Diesmal werden die ausgewählten Bücher in ungewöhnlicher Form präsentiert: in Lese-Listen.

Laufbücher für den Weihnachtstisch – Porträts von 24 neuen Laufbüchern in acht Listen – Von der historischen Liste bis zur alternativen Liste – Köstliches und Kriminelles als Lektüreempfehlungen – Prof. Dr. Detlef Kuhlmann in LAUFZEIT

By GRR 0

Laufen und lesen – diese offene Zweierbeziehung funktioniert und floriert nun schon seit Jahrzehnten unaufhörlich ohne absehbares Ende. Jedes Jahr kommen wieder weitere neue Buchveröffentlichungen hinzu, die irgendetwas von dem reichhaltigen Stoff enthalten, aus dem die Läufe sind: Interessierte kommen kaum noch nach mit der Lektüre all der Werke über das Laufen.

Die Themen, denen sich die vielen Autoren und die wenigen Autorinnen dabei widmen, werden immer facettenreicher – werden sie auch interessanter? LAUFZEIT verfolgt das Thema Laufliteratur seit Gründung in der regelmäßig in jeder Ausgabe erscheinenden Rubrik (im Mosaik), wo mittlerweile knapp 200 Titel (!) rezensiert wurden.
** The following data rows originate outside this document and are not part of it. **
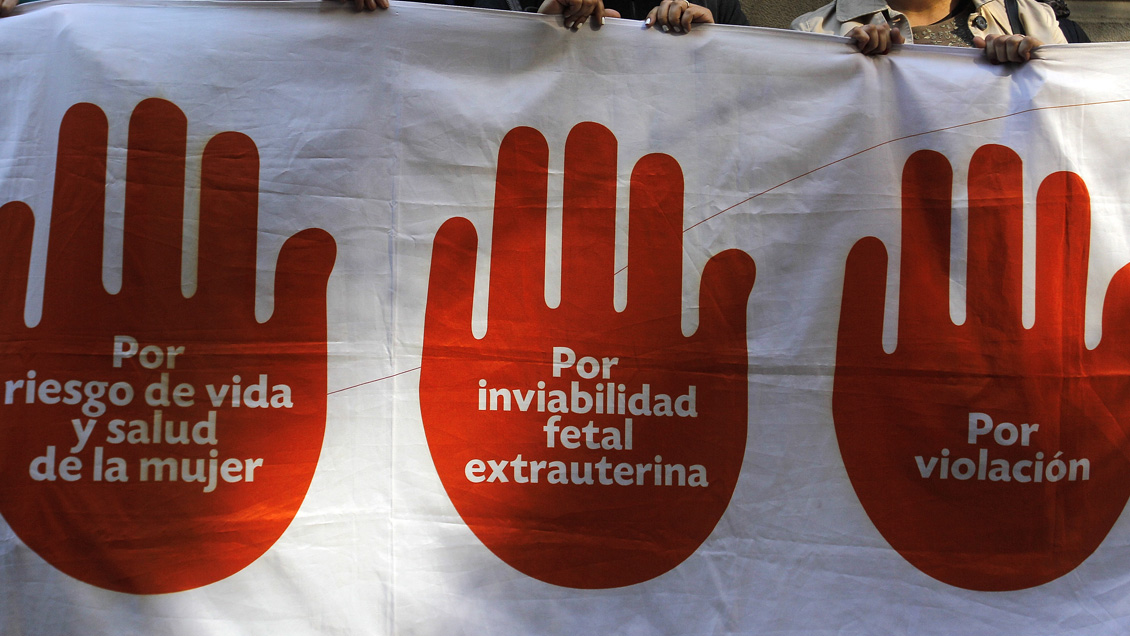 Aborto: La mitad de los obstetras de la red pública son objetores en causal de violación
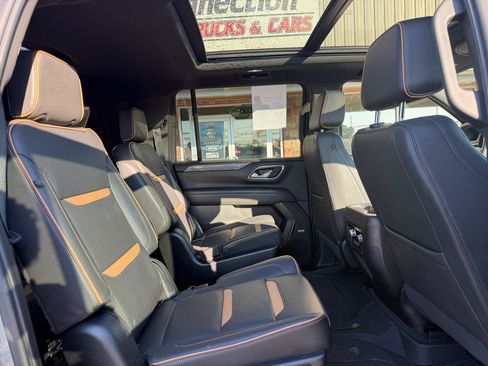 Used 2023 GMC Yukon XL AT4 w/ AT4 Premium Package AWD/4WD image 25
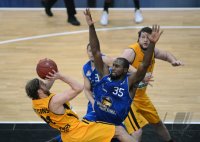 Basketball 1. Bundesliga 2012/2013:  Walter Tigers Tuebingen - Fraport Skyliners Frankfurt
Seit einigen Jahren stellt Literatur-Experte Prof. Dr. Detlef Kuhlmann, im Hauptberuf Hochschullehrer am Institut für Sportwissenschaft der Leibniz Universität Hannover und seit über 20 Jahren ehrenamtlicher Ressortleiter für Kultur beim Berlin-Marathon mit Zuständigkeit für den Literatur-Marathon, in der Dezember-Ausgabe  eine aktuelle Auswahl von neueren laufliterarischen Produktionen vor – passend für den Wunschzettel bzw. zum Verschenken zu Weihnachten.
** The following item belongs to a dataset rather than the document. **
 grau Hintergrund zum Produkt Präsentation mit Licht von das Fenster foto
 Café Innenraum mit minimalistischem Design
Wer wollte da nicht schnell noch zugreifen … und mitlesen?

Diesmal werden die ausgewählten Bücher in ungewöhnlicher Form präsentiert: in Lese-Listen. Diese Listen haben den Vorteil, dass sich thematisch ähnliche Bücher darauf besser bündeln lassen. Die Listen selbst können jedoch so oder so keinen Anspruch auf Vollständigkeit leisten. Sie enthalten ohnehin nur verlagsneue oder neu wiederentdeckte Titel. Es wurden allerdings immer nur drei Bücher zu insgesamt acht sog. „Top-Three-Lese-Listen“ zusammengeführt. Zugegeben – die jeweiligen Bezeichnungen der Listen mögen manche komisch finden.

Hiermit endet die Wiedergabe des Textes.